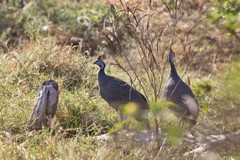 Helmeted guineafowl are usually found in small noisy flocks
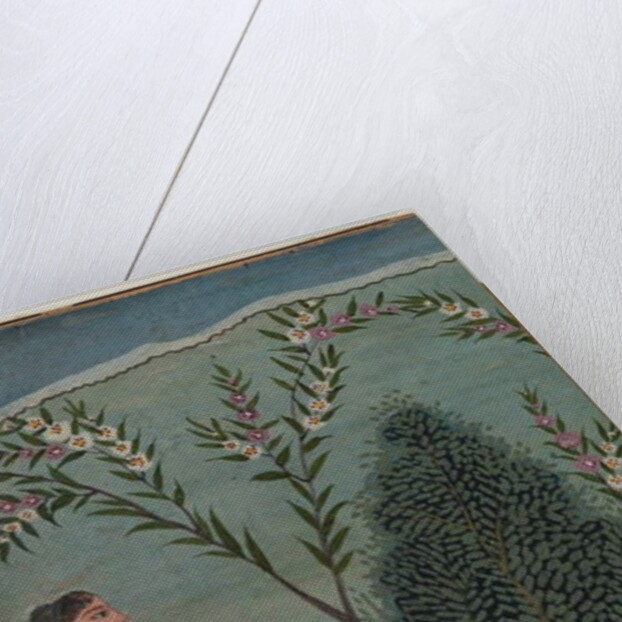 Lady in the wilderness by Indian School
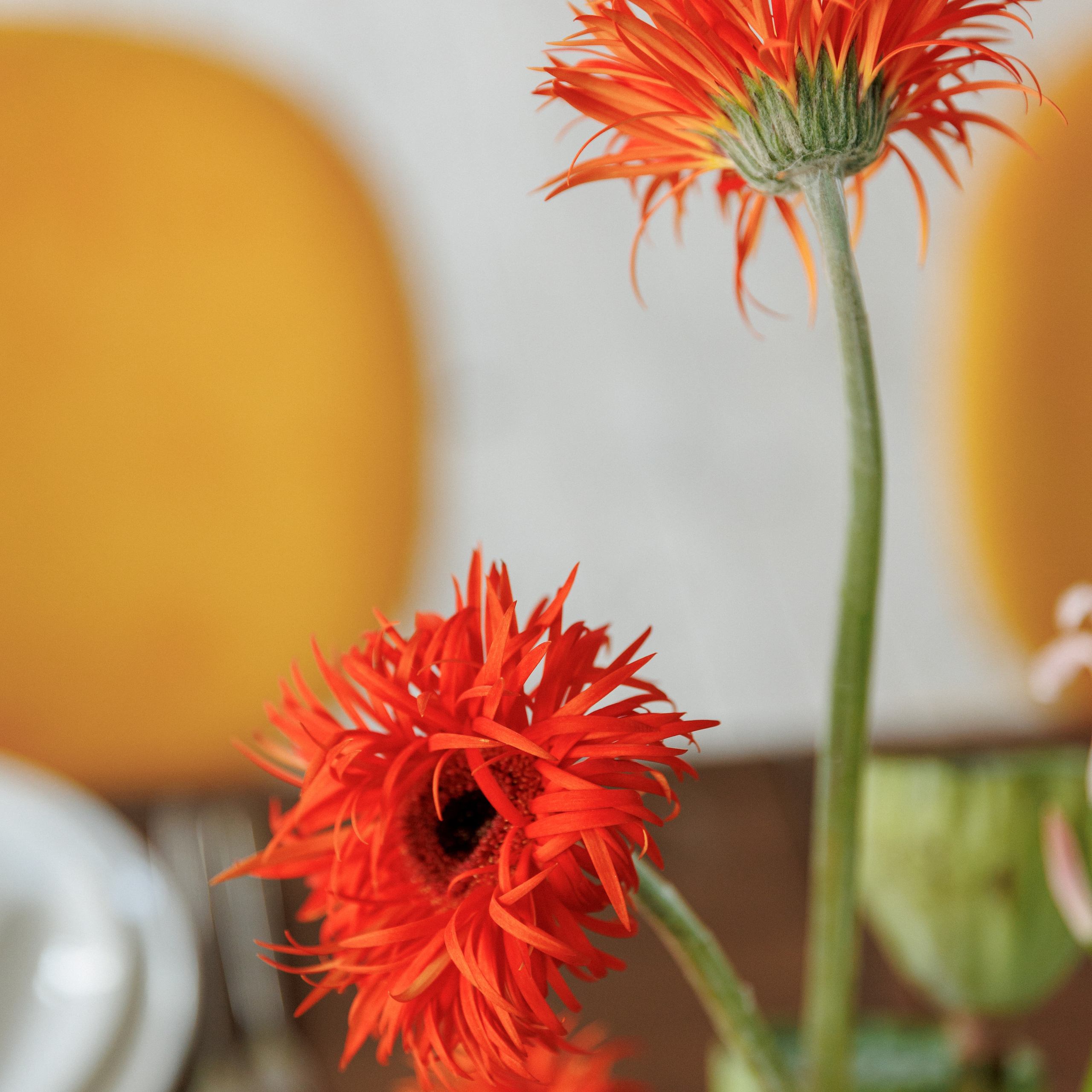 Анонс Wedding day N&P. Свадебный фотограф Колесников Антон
* * *
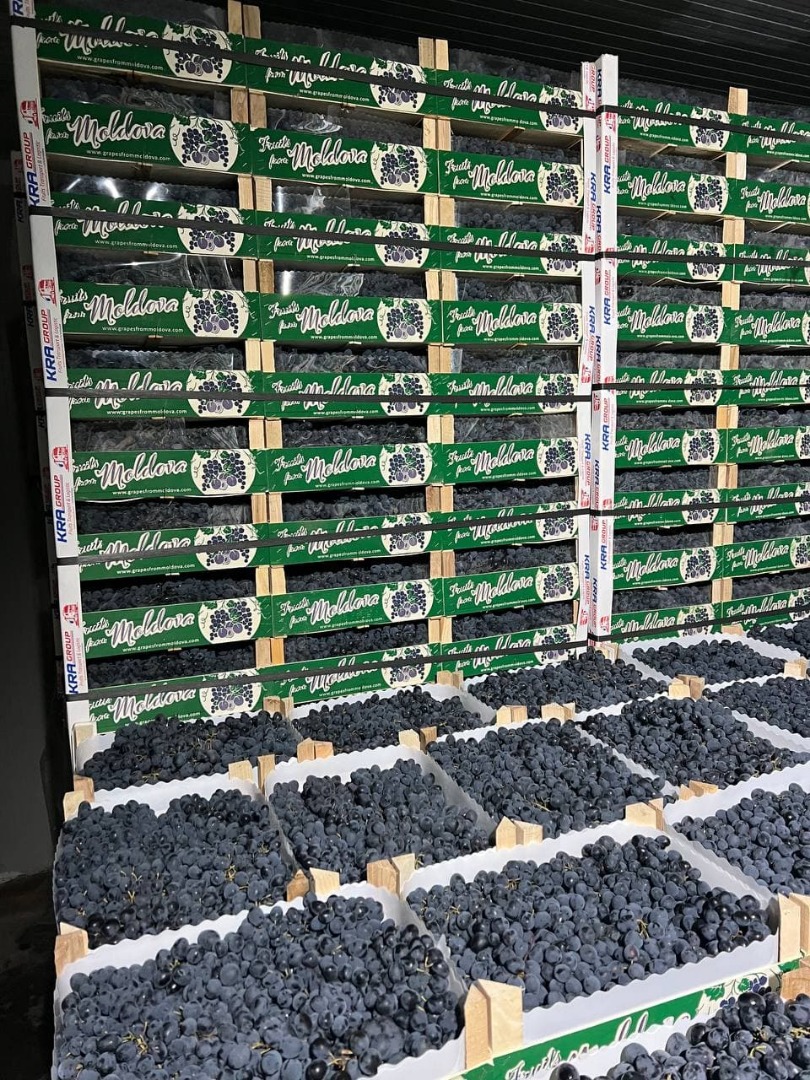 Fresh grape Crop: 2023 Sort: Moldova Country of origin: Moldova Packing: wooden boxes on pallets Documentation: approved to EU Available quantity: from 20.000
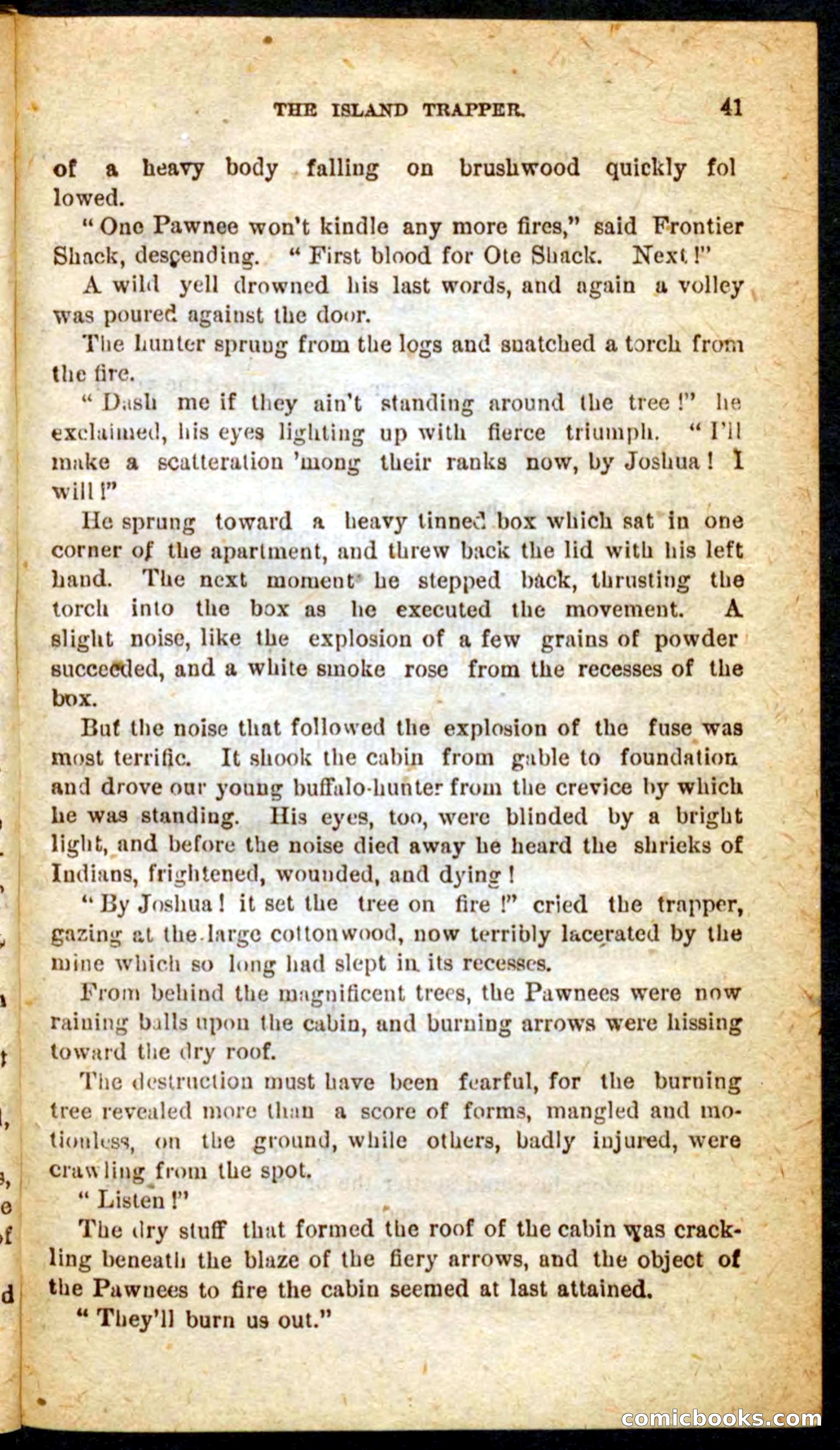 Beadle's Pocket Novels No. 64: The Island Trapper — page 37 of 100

[YOUR TASK]:
Precisely those lines above that run from the line with "Helmeted guineafowl are" up to and including the line with "Анонс Wedding day" are to be set down, with the pictures omitted.

[TASK RESULT]:
 Helmeted guineafowl are usually found in small noisy flocks
 Lady in the wilderness by Indian School
 Анонс Wedding day N&P. Свадебный фотограф Колесников Антон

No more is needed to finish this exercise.